Go work for a caterer for a few years, get some experience, then rethink your plans. There are many dimensions to catering, do you know what type of catering you want to do?
Joined Oct 1, 2006
Hi O'Hara!

Since you list your experience as Culinary student, what have your teachers told you?
They know you better than anyone here and can give you an overview of the general hurdles you face.
One thing for sure, get real good at making lists!

Look at what EVERY caterer in your area is offering. All of them!
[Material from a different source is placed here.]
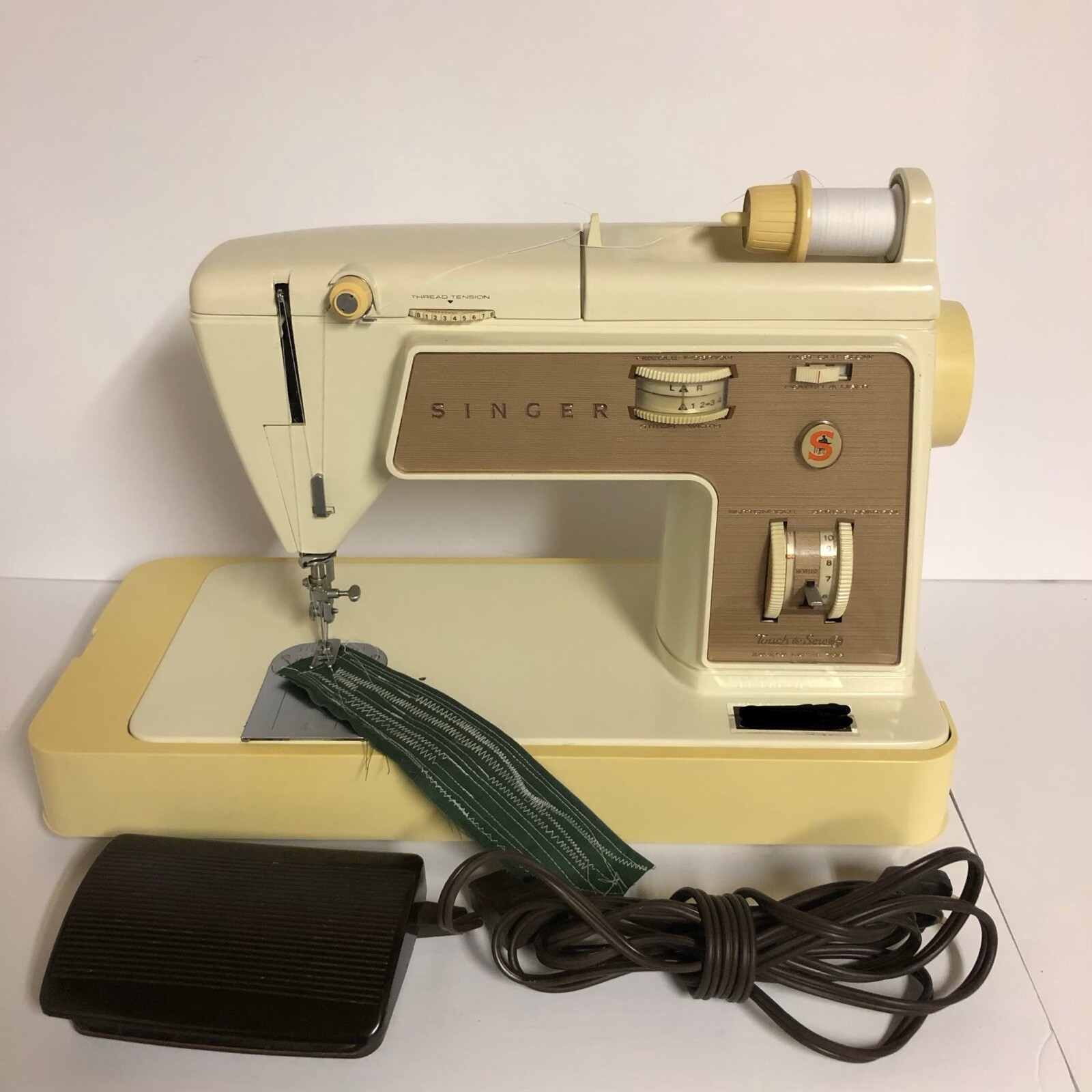 Singer Zig Zag 758 Touch-N-Sew Sewing Machine w/ Foot Pedal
Unless you want to compete directly with well established caterers, you may want to do something they are not doing.
Even if you can identify an untapped market,
If you have a comprehensive plan to fill a gap in the catering in your area, money always flows to really good ideas!
You have a lot of homework and brainstorming ahead of you! Don't forget all the legal stuff like licensing, passing inspection, taxes, insurance, etc.
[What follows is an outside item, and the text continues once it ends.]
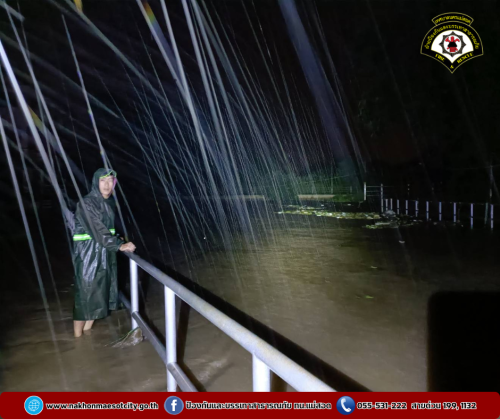 ดับเพลิงนครแม่สอด ออกดำเนินการช่วยเหลือประชาชนที่ได้รับผลกระทบจากอุทกภัยในเขตพื้นที่ ทน.แม่สอด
"Catering" is a very broad term. Are you thinking mobile BBQ, private chef, or sit down dinners for 1,000 with matching linens?

There is a Wiki for starting a catering business as well as many links that show the basics. I'm not posting links here, but do a "start a catering business" search...

Good luck!
Joined Sep 21, 2001
Do as Chefbuba suggests. Pay off those loans before starting and kind of business. Good luck.
Better yet? Get a job working for a caterer to pay off those loans.
I'm a big believer in learning new skills using other peoples' money.
Joined Feb 8, 2009
Welcome O'Hara Girl. All the other Chefs explained and talked about starting a business and getting a loan with your outstanding Loans. I also think getting a job with a caterer would help you learn some of the logistics involved in catering. Most people in this business know how to cook food. Most of those people screw up with logistics and serving a good quality food off site.

All things being said, when I started my catering business I did it with a small amount of money. I did have a kitchen available because of my food service management company. If I didn't have a kitchen available I would look at talking with Churches, Community centers and other facilities that have full kitchens that you may be able to rent as needed. I would also approach restaurants and cafes that may only have M-F breakfast and lunch service. This would give you an opportunity to lease space from them to do your evening and weekend catering. Everything you need to do offsite catering can be rented. You can figure all that into your cost. Try to think outside the box and see how you can accomplish this with very little money. You also need to figure out how your going to get clients........Good Luck......ChefBillyB
Joined Jun 29, 2018
Instead of getting a loan, why not start by your boot straps. Check out the cottage industry rules in your area. Start making one thing and selling it on facebook or via social media. Do this as a side business / second job. Pay your bills. Save your money. Grow it slow and when you make enough stuff to justify a store front, rent a small place.
Joined Oct 10, 2005
Since you have no experience with catering, may I suggest working for a catering co. for a while before you take the plunge?

The advantages of this are:
-First hand experience of catering, from soliciting sales to final clean up.

-Opportunity to see if this kind of lifestyle and its demands are agreeable with your body and mind.

-Opportunity to see what kind of catering you want to do(ie. special events, weddings, corporate, institutions, etc. Yes there are many types of catering, and successfull caterers specialize in only one or two types)

-While the pay might not be much, at least you won’t go backwards financially)

-Opportunity to work with staff, see what they are capable of, what they earn, and what they want. These are the kind of people you would be hiring if you had your own business.

-Opportunity to see the purchase of bulk supplies and ingredients, what they cost, and what to look for.

-In the future, if and when you do want a loan, experience in the industry is not only a bonus, but pretty much a must. (Banks are kinda funny about loaning money to food industries....).

So, not to put too fine an edge on this post, but you got to know what you are doing BEFORE you sign a lease, contract or agreement.